Biomaterials 266 (2021), Art. 120432
ISSN: 0142-9612
ISSN: 1878-5905
Fraunhofer MEVIS ()

Gastrointestinal (GI) cancers are among the most lethal malignancies. The treatment of advanced-stage GI cancer involves standard chemotherapeutic drugs, such as docetaxel, as well as targeted therapeutics and immunomodulatory agents, all of which are only moderately effective. We here show that Π electron-stabilized polymeric micelles based on PEG-b-p(HPMAm-Bz) can be loaded highly efficiently with docetaxel (loading capacity up to 23 wt%) and potentiate chemotherapy responses in multiple advanced-stage GI cancer mouse models.
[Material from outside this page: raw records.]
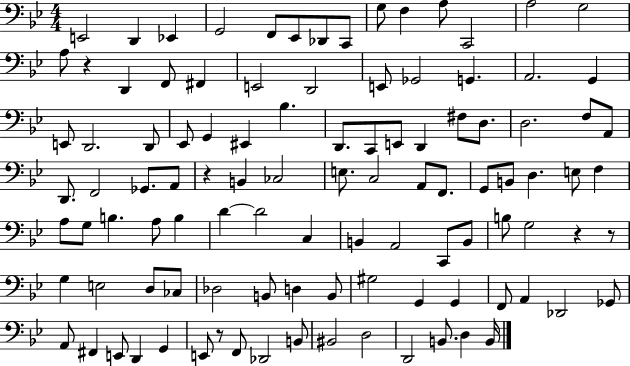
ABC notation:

X:1
T:Untitled
M:4/4
L:1/4
K:Bb
E,,2 D,, _E,, G,,2 F,,/2 _E,,/2 _D,,/2 C,,/2 G,/2 F, A,/2 C,,2 A,2 G,2 A,/2 z D,, F,,/2 ^F,, E,,2 D,,2 E,,/2 _G,,2 G,, A,,2 G,, E,,/2 D,,2 D,,/2 _E,,/2 G,, ^E,, _B, D,,/2 C,,/2 E,,/2 D,, ^F,/2 D,/2 D,2 F,/2 A,,/2 D,,/2 F,,2 _G,,/2 A,,/2 z B,, _C,2 E,/2 C,2 A,,/2 F,,/2 G,,/2 B,,/2 D, E,/2 F, A,/2 G,/2 B, A,/2 B, D D2 C, B,, A,,2 C,,/2 B,,/2 B,/2 G,2 z z/2 G, E,2 D,/2 _C,/2 _D,2 B,,/2 D, B,,/2 ^G,2 G,, G,, F,,/2 A,, _D,,2 _G,,/2 A,,/2 ^F,, E,,/2 D,, G,, E,,/2 z/2 F,,/2 _D,,2 B,,/2 ^B,,2 D,2 D,,2 B,,/2 D, B,,/4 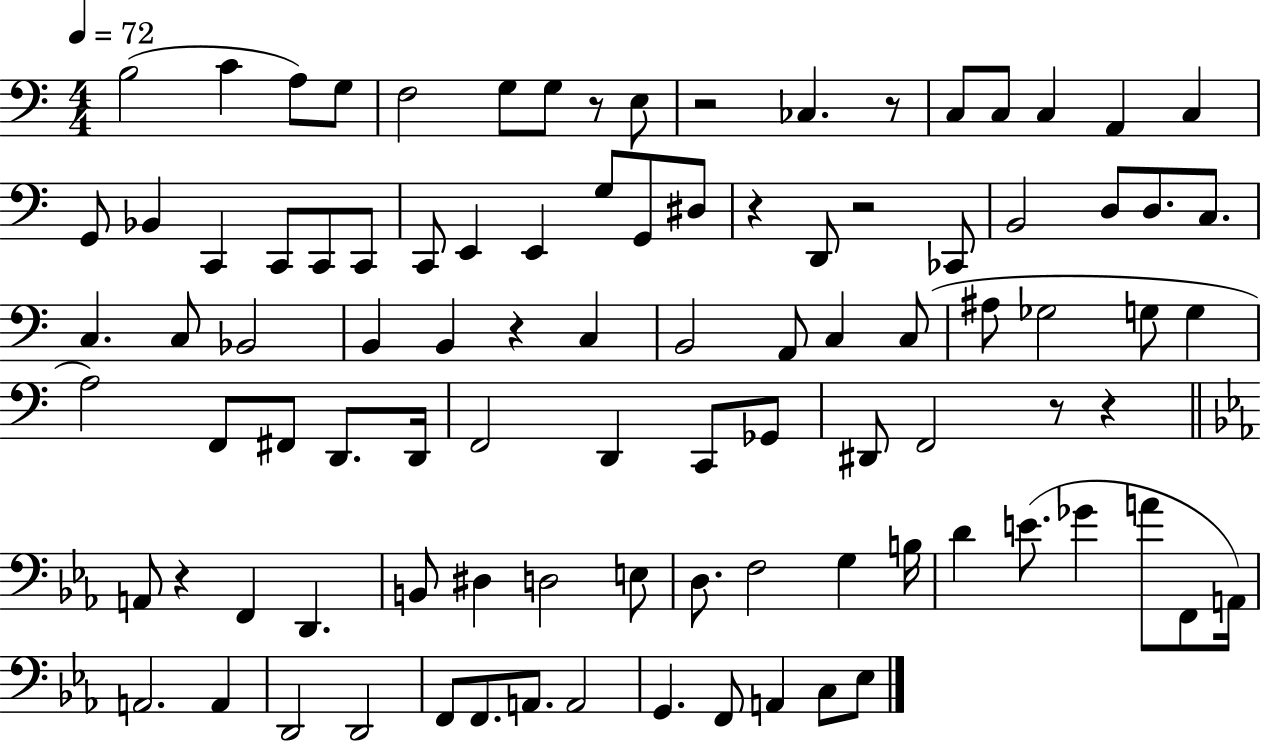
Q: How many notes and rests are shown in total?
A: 96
Complete cures and full tumor regression were achieved upon intravenously administering micellar docetaxel in subcutaneous gastric cancer cell line-derived xenografts (CDX), as well as in CDX models with intraperitoneal and lung metastases. Nanoformulated docetaxel also outperformed conventional docetaxel in a patient-derived xenograft (PDX) model, doubling the extent of tumor growth inhibition. Furthermore, micellar docetaxel modulated the tumor immune microenvironment in CDX and PDX tumors, increasing the ratio between M1-and M2-like macrophages, and toxicologically, it was found to be very well-tolerated. These findings demonstrate that Π electron-stabilized polymeric micelles loaded with docetaxel hold significant potential for the treatment of advanced-stage GI cancers.